Tout cela permet des nuits étoilées magnifiques mais ne nourrit pas son homme. Excellente idée, chère Hécate, de nous avoir fait découvrir ce grand écrivain sud-africain.


Hécate 18/12/2009 12:48


Vous semblez connaître ce pays Jean-Michel,  je le découvre sous la plume splendide de cet écrivain .
Dans un passage il est fait allusion à l'extraction de diamants du côté de Barkly ouest ...aussi à la blancheur des zygophyllums sur les collines au printemps.
Si peu de pluie? Donc cette poussière s'explique ...
Merci pour cette qualité  de votre propos qui répond à ce roman.
                                                                                                              
votre Hécate


Nettoue 18/12/2009 11:42


Je reviendrai m'attarder plus longuement sur un blog qui mérite toutes les attentions.
En attendant, je vous remercie
Amicalement
Nettoue !
PS, Vous savez beaucoup de faits non signalés sont voulus. Mon blog est ouvert à tous. Je publie tous les jours et fais beaucoup de recherches. La confusion, je le reconnais est possible !
Merci


Hécate 18/12/2009 12:22



Bien sûr Nettoue ,la confusion arrive .
Je m'en serais voulu que ma précision sur Enée ,ce héros et Prince Troyen vous chagrine ,et c'est très amicalement que je me suis exprimée à ce sujet.
Je suis loin de publier à votre rytme ,bonne continuation donc.
                                                                                                            Bonne
journée
                                                                                                                                     
Hécate



Plaiethore 18/12/2009 11:29


Je vous l'écrirai probablement dimanche Magicienne Mia.

Ici, le ciel est bleu gris.
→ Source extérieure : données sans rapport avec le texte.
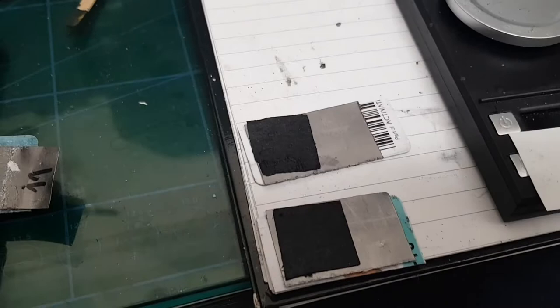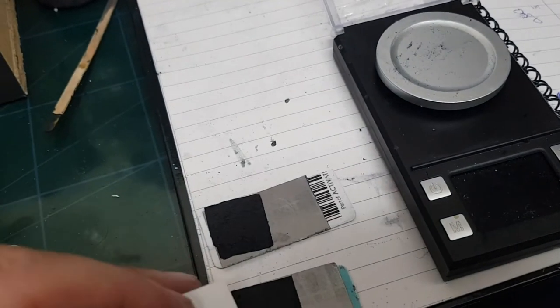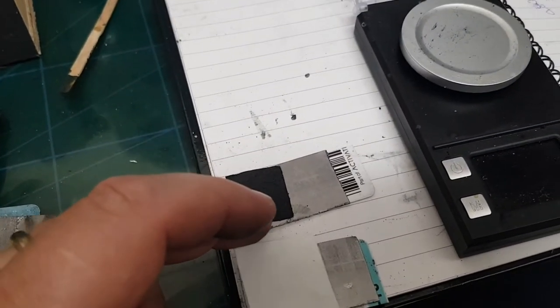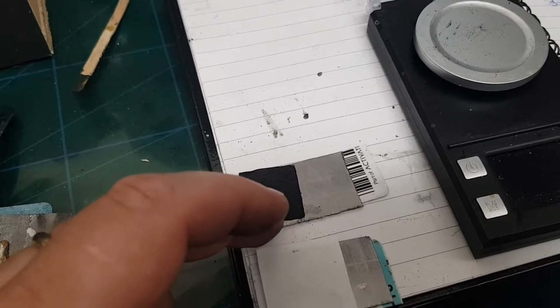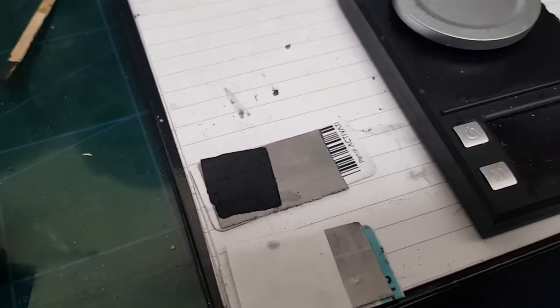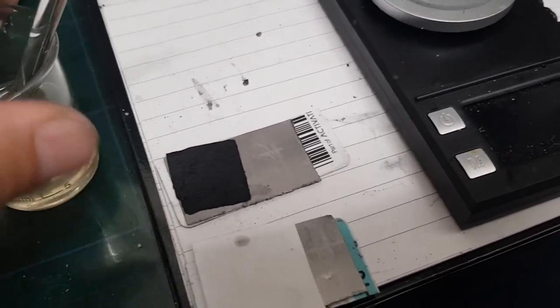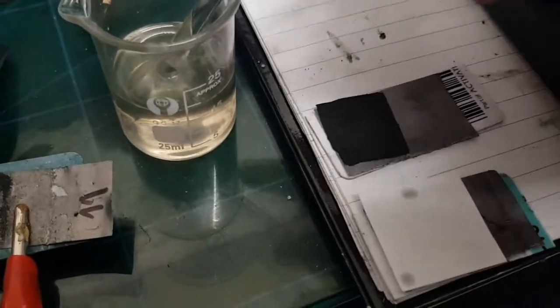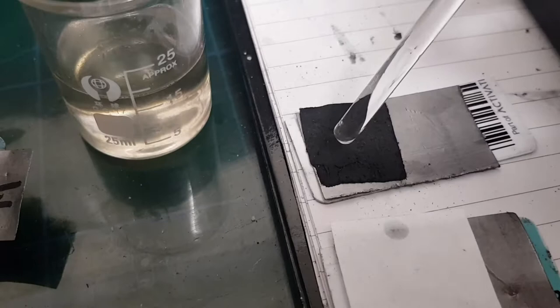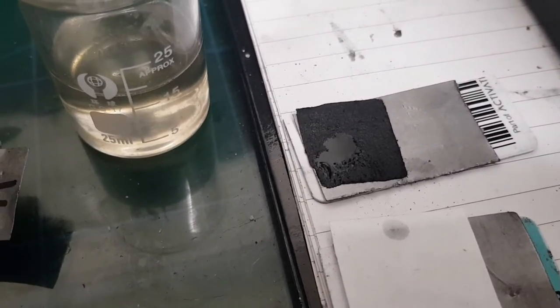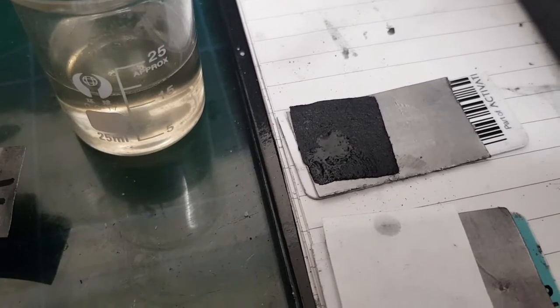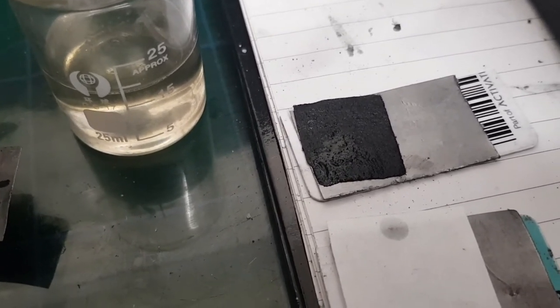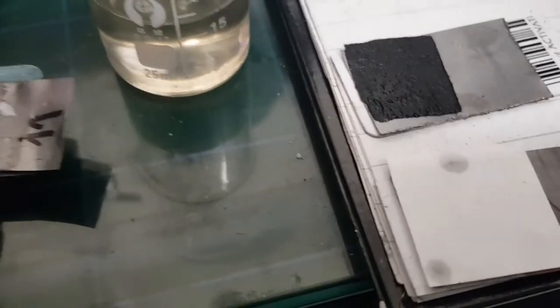The two electrodes are ready. I'm going to add the separator. I already managed to destroy this one a little bit because it absorbs the electrolyte very very quickly, very very well. And that's it, it's inside.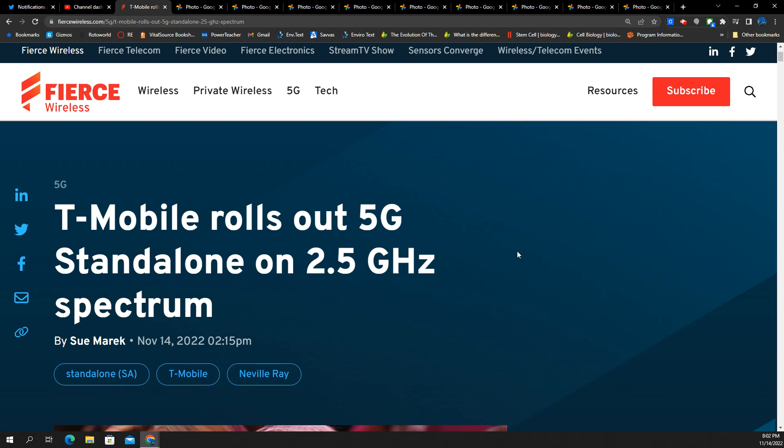SMT Nation, we back. We just got a big update from T-Mobile and their president of technology, Neville Ray. They're officially rolling out the 2.5 gigahertz spectrum on standalone.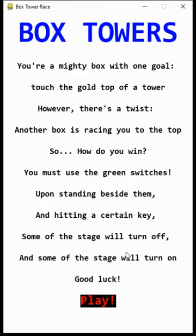Hi, I'm Thomas DeVito and this is my game Box Towers. My game Box Towers is essentially a game where you play as either a pink or blue rectangle and you race to the top of a tower.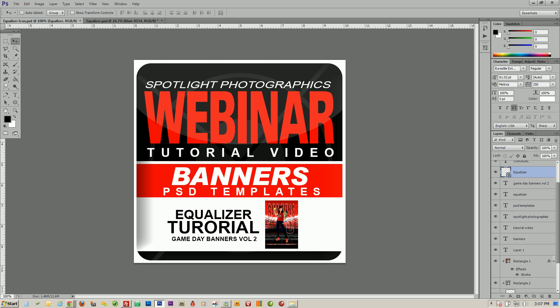Welcome to another Spotlight Photographics webinar tutorial video series. Today we're going to be talking about the Banner PSD template. The Equalizer template is located on the Gameday Banners Volume 2 and is available on our website at SpotlightPhotographics.com. And let's get started.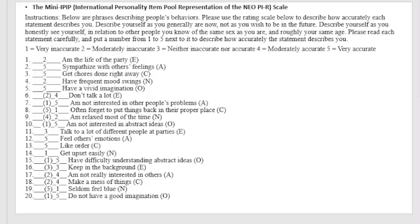The Mini IPIP, an international personality item pool representation of the NEO PI-R scale. In this video, I'm going to demonstrate to you the self-scoring method.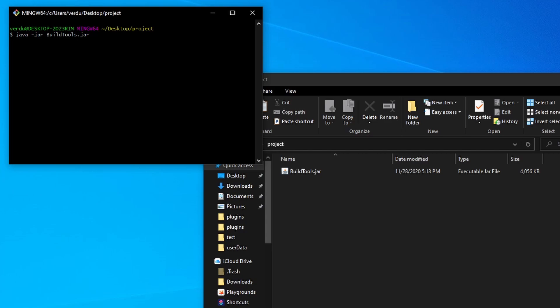At the end you can put a couple things. If you want to compile the CraftBukkit API, what you would do is add --compile craftbukkit, just like so, and it will compile the CraftBukkit. But you will have to compile it a second time if you want the Spigot one to also compile, because it will only compile one jar at a time.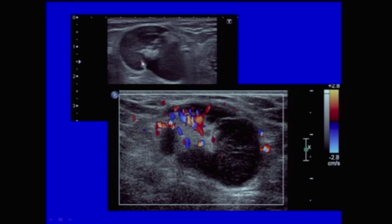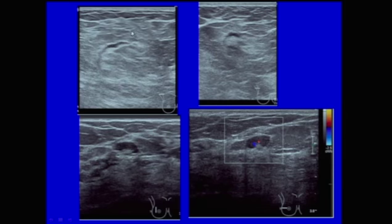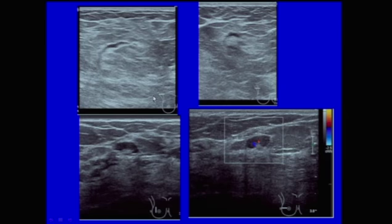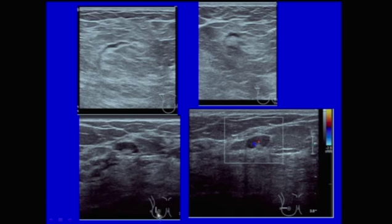Lymph nodes are included in the special cases section. Asymmetrical thickening of the cortex is very suspicious for metastatic lymph node involvement in the axilla. Lymph node size is not as important as the degree of hypoechoic cortical involvement. A large echogenic lymph node in the axilla is completely normal when the hilum is completely filled with fatty tissue. Two other normal-appearing sonographic lymph nodes in breast tissue look almost like kidneys — they have a hypoechoic cortex and an echogenic hilum, and flow can be seen going right into the hilum.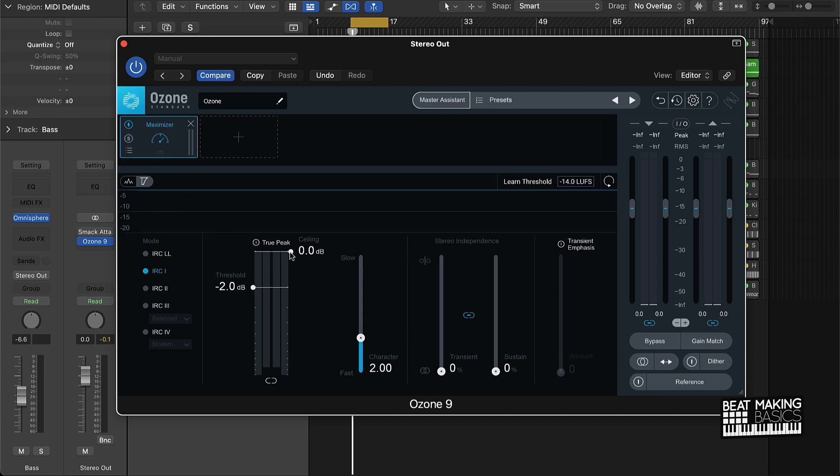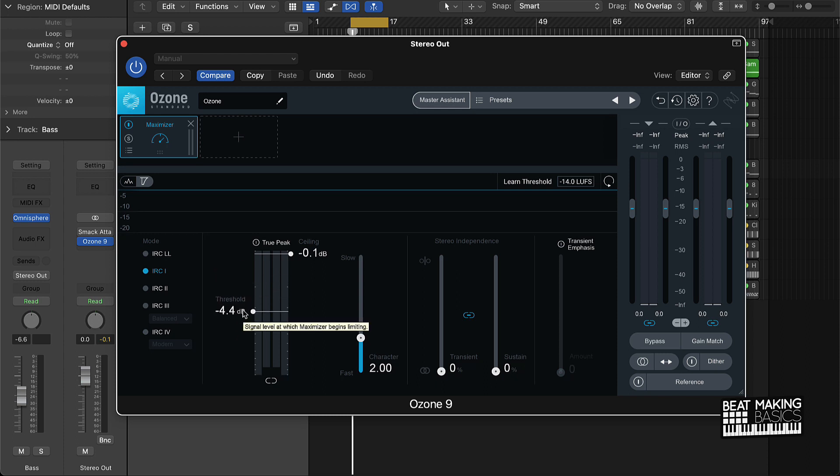Then turn the ceiling down to negative 0.1 and you're going to play around with the threshold. You're going to pull the threshold up until it starts sounding too loud to where it's going to start distorting, and then you can pull it back some. Okay, so let's just try this out.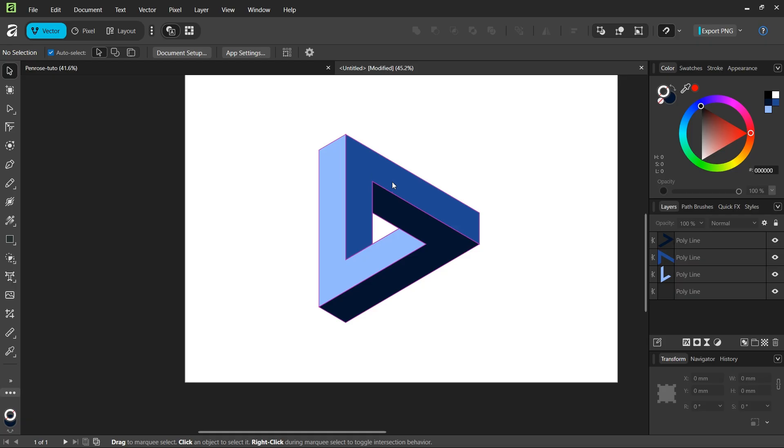So we've learned how to create the Penrose triangle in Affinity Vector Studio. Thanks for watching, and see you next time. Bye!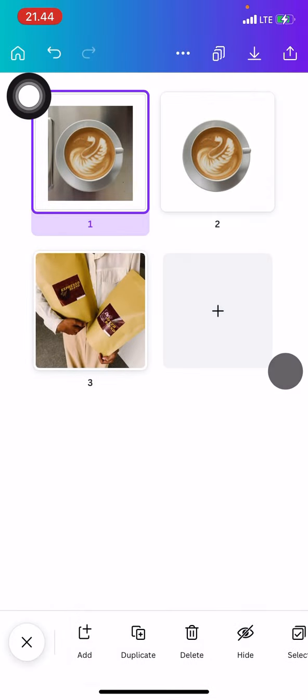The second page is already saved on your gallery. So that's all for today's tutorial. Thank you for watching. Don't forget to leave a comment, like, and subscribe to this channel.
Il fait froid et... j'ai comme une boule en travers de la gorge ;)


Hécate 18/12/2009 11:43



Un dimanche pas comme les autres alors...
Ne me dites pas que vous avez une boule de cristal dans la gorge ,cher Plaie !...
       Mes oiseaux sont au chaud ,mais bien calmes par cette blancheur poudrée et glacée...
                                                                                     
votre Hécate



gegouska 18/12/2009 08:31





Hécate 18/12/2009 10:22


"Le gel ,ce vieux jardinier ,m'a offert au petit jour
 un bouquet de fleurs givrées". (Miroslav Florian ,né en1931 ,en Bohême)

"Le paysage immobile nous enveloppa ,le ciel ,au-dessus de la terre grise et morte ,était blafard et l'hiver , immobile  ,s'installa tout autour de nous . Dans le ciel tournoyaient de fins
flocons de neige que nous apercevions un instant dans la lumière  avant qu'ils disparaissent ". (Karel Schoeman . CETTE VIE ) 
                        Bonne journée Gegouska
                                                                    
Hécate


alainB 18/12/2009 07:14


MILOSZ est venu à Pornic, peu de temps avant de regagner les USA où il dirigea un enseignement à Berkeley. Il y a écrit des poèmes qui sonnent comme un bilan avant un nouveau départ :
" A la messe, une fillette sybille
tourne les pages du livre sur le lutrin
les lettres sont grandes comme deux paumes
chant à la madone de recouvrance
(qu'elle protège ce doux coin de france !)
j'ai prié dieu de faire de moi ce qu'il veut
je lui ai dit que je suis reconnaissant
même pour l'insomnie à marée montante
dans l'examen d'une vie."

cordialement
alainB


Hécate 18/12/2009 09:34


Je pense   Alain que vous me parlez  ici de Czeslaw Milosz ,le neveu ( à la mode de jadis ,disait O.V.de .L M ) d'Oscar Venceslas de Lubicz-Milosz auquel j'ai
consacré un article en deux parties qui a été traduit en lituanien dernièrement à ma grande surprise.
(Si vous êtes intéressé ,vous le trouverez dans la liste du fil d'archal ).
J'avoue ne pas connaître l'oeuvre poétique de Czelaw et je vous remercie d'être venu apporter ce poème ici.
O.V.Milosz dans une lettre mentionne leur  rencontre  en 1931 ,et son agréable impression de ce jeune homme qu'il décrit comme un poète à la fois enthousiaste et pondéré ,et qu'il
considérait un peu comme un fils .
      Encore merci à vous ,et bonne journée.
                                                                        
votre Hécate


Plaiethore 18/12/2009 02:23


Bien sûr Hécate très chère, je vous en ferai la confidence.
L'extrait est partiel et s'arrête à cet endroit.